To comprehensively explore specific biological roles involved in microglia not in macrophage, we searched and obtained datasets from brain tissues which contained both microglia/macrophage and glioma/normal information. Some datasets derived from blood or other fluid tissue were removed, which provided limited resource for resident microglia functional exploration. With the development of more available datasets, the gene and subpathway signature will be further confirmed as their clinical roles. We conclude that engaging microglia signatures identified, reflecting the immune roles within the microenvironment of glioma, will lead to novel therapies that improve the outcome of patients suffering from this terrible disease.

Materials and methods

Gene expression data sets

In this study, available gene expression datasets were identified from Gene Expression Omnibus (GEO) database by specifically choosing only studies that performed gene expression analysis of both resident microglia and macrophages from brain tissue in glioma condition. Datasets utilized for microglia integrated analysis included GSE65868, GSE86573 and GSE80338. The disease condition (glioma or normal) and cell populations (microglia or macrophage) were obtained from the previous researches. Two species involving mouse and human were included, and gene IDs conversation were performed using R package org.Hs.eg.db. Within the GSE86573, the blood tissue was not considered, and the samples from brain tissue were regarded as normal samples. Within the GSE80338, epilepsy and postmortem samples were respectively regarded as normal samples.

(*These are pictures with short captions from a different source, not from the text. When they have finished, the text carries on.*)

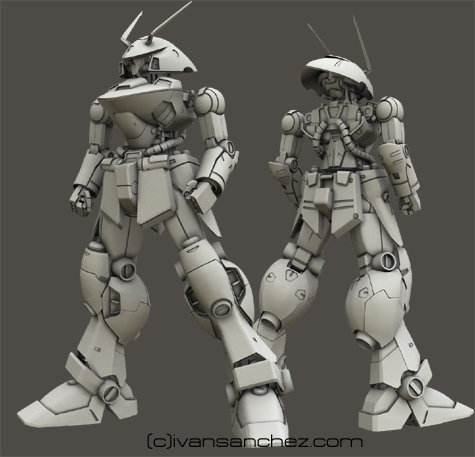 mobile suit gp04 blossom physalis zepheranthes gerbera tetra kai gp01 gp01fb gp02 gp03 gp04 dendrobium stamen orchis mobile weapons platform 3d mesh cg sandrum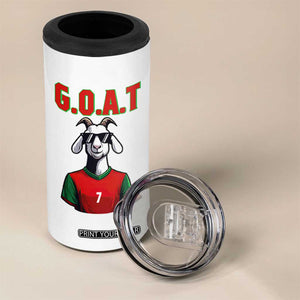 Siuuuu Goat Soccer Celebration 4 in 1 Can Cooler Tumbler Gift For Fans TS12 Print Your Wear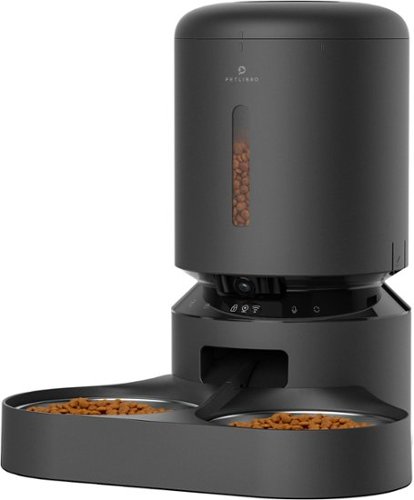 PETLIBRO - Granary WiFi Stainless Steel Dual Food Tray 5L Automatic Dog and Cat Feeder with Camera Monitoring - Black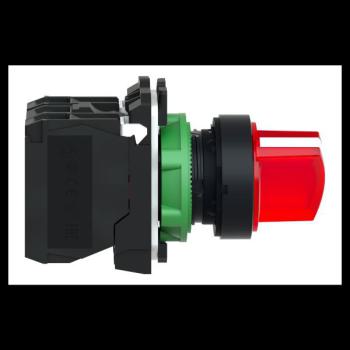  BP lumineux rouge 1O+1F 110V 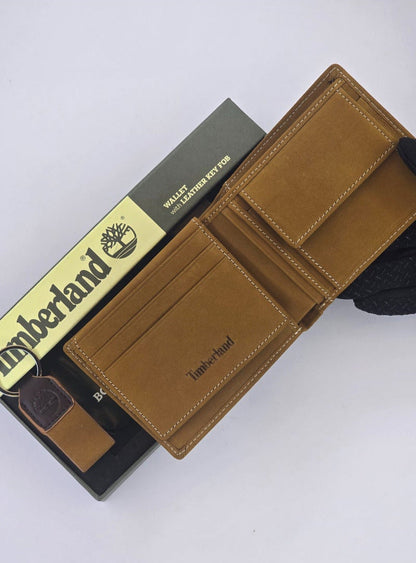 TL Light Brown Wallet-Keychain Set For Men 15#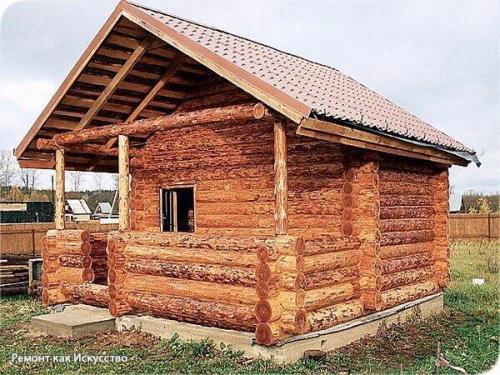 Мы строим баню. 09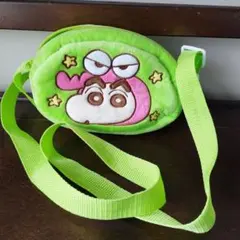 キャラクターショルダーバッグ 黄緑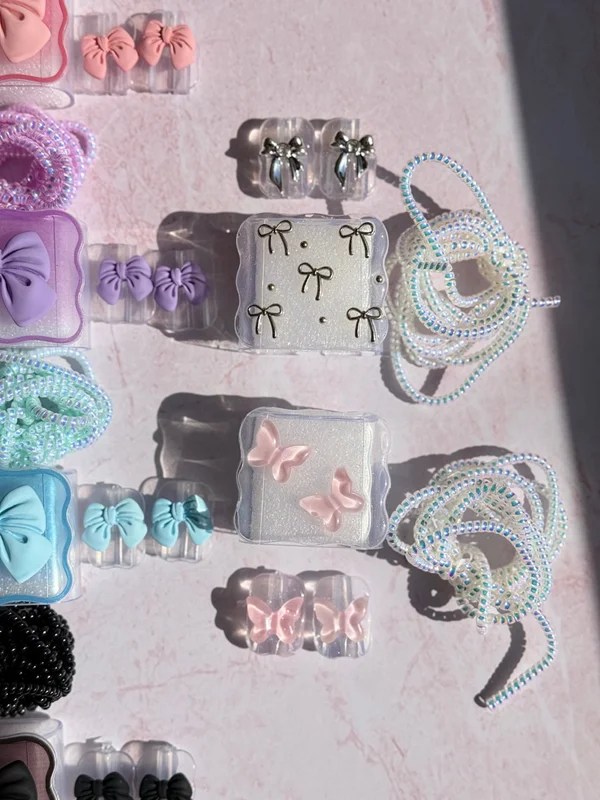 Clear iPhone Charger Cover with Decorative Charms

To explore the biological roles of microglia gene or functional signatures in glioma pathology, large amount of gene expression data sets with glioma clinical information were obtained from GEO, The Cancer Genome Atlas (TCGA), Chinese Glioma Genome Atlas (CGGA), and Pan-Cancer Analysis of Whole Genome (PCAWG) databases. And a total of 26 data sets were included. These data sets contained three kinds of glioma events, including glioma and normal samples, recurrence and primary samples, and samples with prognostic information. The detailed description of all gene expression data sets mentioned above were given in Additional file 15: Table S1.

Differentially expression analyses

We utilized two methods to respectively performed differentially expression analyses for RNA sequencing and microarray datasets. For RNA sequencing datasets (GSE86573 and GSE80338), we utilized R DEseq2 package to identify differentially expression genes based on the raw count matrix. For one microarray dataset (GSE65868), we identified the differentially expression genes based on FPKM expression matrix by integrating fold change and T-test methods. For all datasets, the differentially expression genes were obtained by absolute log2-based fold change > 1.5 and false discovery rate (FDR) or adjusted P-values < 0.05.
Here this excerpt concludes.